- [AVAILABLE DATA]:
- - - - -

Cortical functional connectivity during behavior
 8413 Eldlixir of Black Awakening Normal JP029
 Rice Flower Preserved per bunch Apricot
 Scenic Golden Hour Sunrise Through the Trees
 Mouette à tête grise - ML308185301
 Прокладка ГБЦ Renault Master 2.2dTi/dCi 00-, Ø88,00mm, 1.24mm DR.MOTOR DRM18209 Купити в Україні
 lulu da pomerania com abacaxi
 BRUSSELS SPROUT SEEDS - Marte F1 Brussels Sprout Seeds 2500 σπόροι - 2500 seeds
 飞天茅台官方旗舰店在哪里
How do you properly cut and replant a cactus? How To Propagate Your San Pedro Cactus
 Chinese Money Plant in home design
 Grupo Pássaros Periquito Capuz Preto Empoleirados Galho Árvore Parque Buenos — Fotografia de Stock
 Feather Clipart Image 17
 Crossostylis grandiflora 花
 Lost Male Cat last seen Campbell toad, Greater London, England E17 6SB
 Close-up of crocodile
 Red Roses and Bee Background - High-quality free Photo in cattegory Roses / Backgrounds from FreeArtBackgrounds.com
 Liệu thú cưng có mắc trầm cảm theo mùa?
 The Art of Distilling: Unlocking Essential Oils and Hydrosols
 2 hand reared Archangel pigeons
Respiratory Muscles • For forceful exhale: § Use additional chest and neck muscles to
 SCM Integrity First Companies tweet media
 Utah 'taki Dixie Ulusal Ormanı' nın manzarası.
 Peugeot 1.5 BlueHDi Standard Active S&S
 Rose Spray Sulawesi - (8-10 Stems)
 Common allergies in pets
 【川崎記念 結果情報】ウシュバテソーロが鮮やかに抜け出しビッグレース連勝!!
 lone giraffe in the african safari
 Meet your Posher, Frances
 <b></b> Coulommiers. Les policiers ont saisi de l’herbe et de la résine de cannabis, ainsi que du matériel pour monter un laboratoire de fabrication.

- - - - -

- [WORK REQUIRED]: Set down, word for word, the line that contains "Respiratory Muscles •" and all lines after it up to the end of the listing.

- [WRITTEN RESPONSE]:
Respiratory Muscles • For forceful exhale: § Use additional chest and neck muscles to
 SCM Integrity First Companies tweet media
 Utah 'taki Dixie Ulusal Ormanı' nın manzarası.
 Peugeot 1.5 BlueHDi Standard Active S&S
 Rose Spray Sulawesi - (8-10 Stems)
 Common allergies in pets
 【川崎記念 結果情報】ウシュバテソーロが鮮やかに抜け出しビッグレース連勝!!
 lone giraffe in the african safari
 Meet your Posher, Frances
 <b></b> Coulommiers. Les policiers ont saisi de l’herbe et de la résine de cannabis, ainsi que du matériel pour monter un laboratoire de fabrication.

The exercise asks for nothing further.